Légendes canadiennes (Rouleau)/Tome I/11

Granger frères & Maison Alfred Mame & fils (1p. 123-133).

UNE MAISON HANTÉE



C’était par une belle journée du mois de mai. Le ruisseau au doux murmure, — c’est ainsi que je m’exprimais lorsque j’étais élève de rhétorique, — serpentait à travers le gazon fleuri en décrivant mille sinueux détours ; les musiciens du bocage faisaient retentir l’air de leurs notes harmonieuses ; le feuillage s’agitait sous le souffle embaumé du zéphir ; le laboureur ensemençait son champ tout en fredonnant des chants nationaux ; la nature entière enfin avait revêtu son riche manteau de verdure et se présentait sous l’aspect le plus riant. Cette scène grandiose m’apportait au cœur de bien douces consolations, et je me disais :

« Que les œuvres du Créateur sont grandes et sublimes ! Quel est celui qui ne reconnaîtrait pas en ce jour la toute-puissance et les bontés infinies de Celui qui, de rien, fit toutes choses ! »

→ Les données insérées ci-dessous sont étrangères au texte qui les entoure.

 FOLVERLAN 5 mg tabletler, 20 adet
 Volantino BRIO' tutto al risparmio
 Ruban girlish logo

Tout en débitant ce monologue, je me promenais nonchalamment sous les grands arbres qui entourent le beau collège de Sainte-Anne. J’étais en vacances, et, pour me reposer un peu des rudes labeurs de l’année, je venais contempler cette admirable institution, où j’avais coulé des jours si sereins et si remplis. Tantôt je regardais ce dôme élevé qui semble inviter le jeune homme à venir puiser dans cet asile des trésors de science et de vertu ; tantôt je portais mes regards à l’orient, sur l’église dans laquelle j’ai eu le bonheur de manger, pour la première fois, le vrai Pain des Anges ; et puis, au sud du temple dédié à la Divinité, je voyais ce magnifique couvent où les Révérendes Sœurs de la Charité reçoivent et distribuent d’abondantes aumônes, en même temps qu’elles dirigent une foule de jeunes vierges dans la voie du véritable bonheur.

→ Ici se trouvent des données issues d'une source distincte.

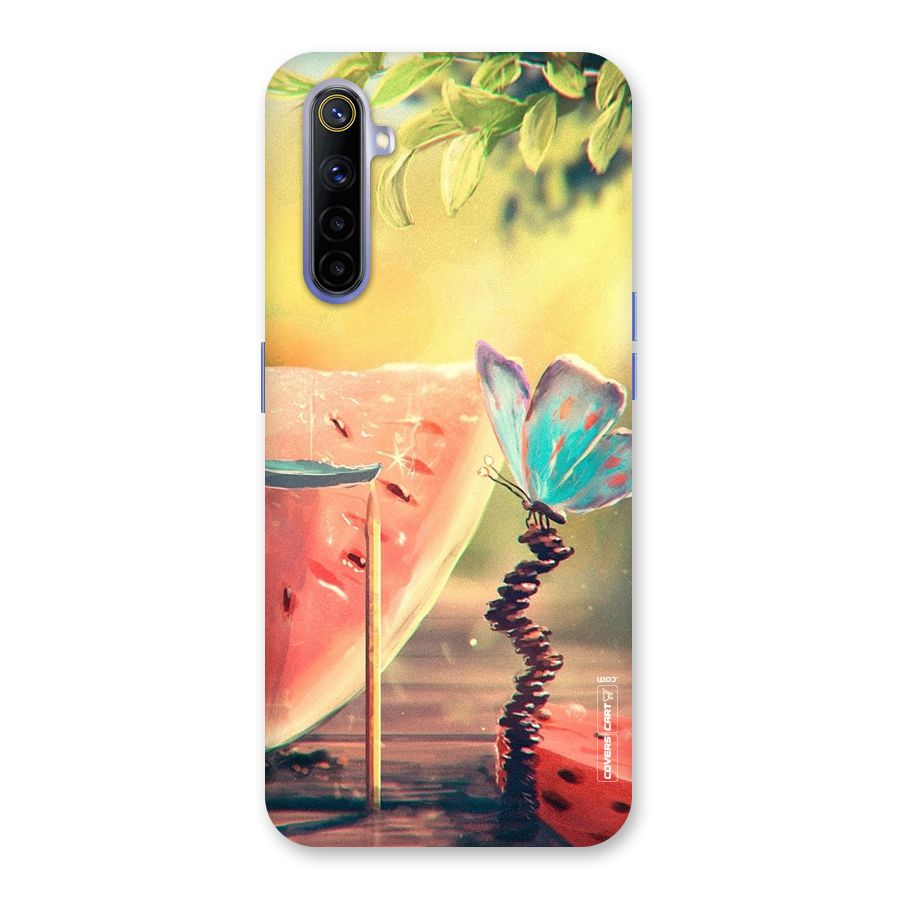 Watermelon Butterfly Back Case for Realme 6i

J’étais là, et je me livrais à mille autres rêveries, lorsque je fus rejoint par un de mes cousins, que je venais de quitter pour un moment et qui s’efforça de dissiper les sentiments de tristesse et de mélancolie qui m’obsédaient, en me racontant une histoire intéressante. C’est une histoire réelle et non pas un roman ou un conte de fée. Je vais vous la raconter telle qu’elle est arrivée. Je laisse la parole à mon cousin, qui est bien plus éduqué que moi, puisqu’il a étudié le génie… civil, bien entendu.

« Écoute donc, me dit-il, en m’engageant à continuer ma promenade sous les rameaux verdoyants ; as-tu entendu parler des choses merveilleuses qui ont lieu dans la paroisse de B… ?

— Non, lui répondis-je ; je n’ai pas eu le temps d’apprendre tout le nouveau qui s’est passé dans votre canton ; j’arrive de Québec.

— Eh bien ! alors, je vais t’instruire… Non, je ne parlerai pas. J’aime mieux que tu sois témoin oculaire du prodige. Es-tu brave ?

— Peut-on faire une semblable question à un ancien zouave pontifical !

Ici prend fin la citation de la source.